Besonders verdienstvoll ist, dass der Vf. so sorgfältig die religiöse Situation und die besondere Art der Frömmigkeit in den baltischen Ländern darstellt. Damit füllt er eine Lücke, die, gerade was das Baltikum betrifft, sehr groß ist. Es ist als nahezu übermenschliche Aufgabe zu bezeichnen, eine Übersicht über dieses geographisch enorm große und sozial sehr verschiedenartige Gebiet darlegen zu wollen. Doch der Vf. bewältigt diese Aufgabe weitgehend - nicht zuletzt auf Grund seiner Belesenheit und seiner bewundernswerten Sprachkenntnisse. Er beherrscht neben dem Deutschen die Sprachen der skandinavischen und baltischen Länder und liest sogar deren ältere Urkunden.

In einem ausführlichen Kapitel werden die veränderten Verhältnisse zwischen Kirche und Staat in der Mitte des 17. Jh.s dargelegt. Zu dieser Zeit bekam das Naturrecht als Lehre vom Staat eine große Bedeutung und die Epoche des Absolutismus wurde sowohl in den protestantischen als auch in den katholischen Ländern vorbereitet. Aber dennoch ist die Entfaltung des Absolutismus in den verschiedenen Ländern nicht identisch. So ist schon der Unterschied zwischen dem Absolutismus Schwedens und dem in Dänemark beachtenswert.

Danach folgen die Epochen der Erweckungsbewegung, der Aufklärung und der neuen gesellschaftlichen Strömungen, die von der Kirche die Übernahme sozialer Verantwortung verlangen. Große Teile der Bevölkerung ziehen wegen der zunehmenden Industrialisierung vom Land in die Städte. Die dadurch stark veränderten sozialen Bedingungen rufen neue Bewegungen wie Diakonie und Innere Mission hervor. Romantik und Neuluthertum begegnen uns in allen Teilen der Gesellschaft - in der Architektur, in der Kunst und Musik sowie in der Literatur.

Die letzte große Fragestellung, die in diesem Buch aufgenommen wird, ist, wie sich die Kirche zur modernen Zeit verhielt. Die Periode 1890 bis 1910 war eine Blütezeit der Universitätstheologie in Deutschland. Es war die große Zeit Harnacks - sowohl was Gelehrtentum als auch Ethik betrifft. Auch eine so diffenrenzierte Persönlichkeit wie Albert Schweitzer gehörte zu den liberalen Theologen, die eine dauerhafte Einwirkung auf die Menschen und ihre Zeit hatten.

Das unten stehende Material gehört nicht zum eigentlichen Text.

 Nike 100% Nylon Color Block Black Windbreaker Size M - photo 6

Der Vf. lässt schließlich seine breite Übersicht in einer Szene, die im Herbst 1918 in Uppsala stattfand, ausklingen. Der Berliner Domchor hatte im Dom zu Uppsala ein Konzert gegeben. Nach dem Konzert kam Erzbischof Söderblom mit dem jungen Organisten Wilhelm Kempff über die Gabe der Musik ins Gespräch und sie waren sich darin einig, dass die Musik die allgemeingültige Botschaft sei, durch die sich Gott durch alle Zeiten den Christen mitteilt. Mit dieser optimistischen kleinen Erzählung endet das Buch.